= Dioceses of the Syriac Catholic Church =

The Syriac Catholic Church, established in the second half of the 17th century as an Eastern Catholic offshoot of the Syriac Orthodox Church, had around a dozen dioceses in the eastern provinces of the Ottoman Empire in the 18th and 19th centuries. Three of these dioceses were ruined during the First World War in the Assyrian and Armenian massacres, and the 20th century also saw the growth of an important Syriac Catholic diaspora in America, Europe and Australasia.

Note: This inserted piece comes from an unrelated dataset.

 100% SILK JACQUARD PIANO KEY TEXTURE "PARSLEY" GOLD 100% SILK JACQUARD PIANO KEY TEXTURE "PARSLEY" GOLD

As of 2012 the Syriac Catholic Church has fifteen dioceses, mostly in the Middle East, and four patriarchal vicariates for the diaspora communities.

== History ==
During the 18th century the Syriac Catholic church established dioceses in the major cities of the Ottoman Empire with significant West Syriac Catholic communities, and also became the dominant West Syriac grouping in a number of villages in northern Iraq, gaining control of the monastery of Mar Behnam near Mosul.

At the beginning of the 19th century the Syriac Catholic Church had dioceses for Jerusalem, Aleppo, Damascus, Edessa, Amid, Mardin, Gazarta (from 1818), Mosul (from 1790) and the Monastery of Mar Behnam. In 1817 a diocese was created for Beirut, which persisted until 1898. In 1862 a separate diocese was created for Baghdad and Basra, hitherto under the jurisdiction of the bishops of Mosul.

According to a population statistic of 1898, the Syriac Catholic church had just under 23,000 members, organised in nine dioceses.

Like their Syriac Orthodox and Chaldean counterparts, the Syriac Catholic dioceses of Amid, Mardin and Gazarta were ruined in the First World War (Flavian Mikha'il Malke, Syriac Catholic bishop of Gazarta, was killed by the Turks in 1915), and were not afterwards revived. A new Syriac Catholic diocese was established for Hasakah in 1957, and the town has been the seat of a Syriac Catholic bishop since 1959. The diocese of Beirut has remained vacant since 1898, and the relatively small Syriac Catholic community of Beirut has been under the jurisdiction of a patriarchal vicar or apostolic administrator for most of the past eleven decades.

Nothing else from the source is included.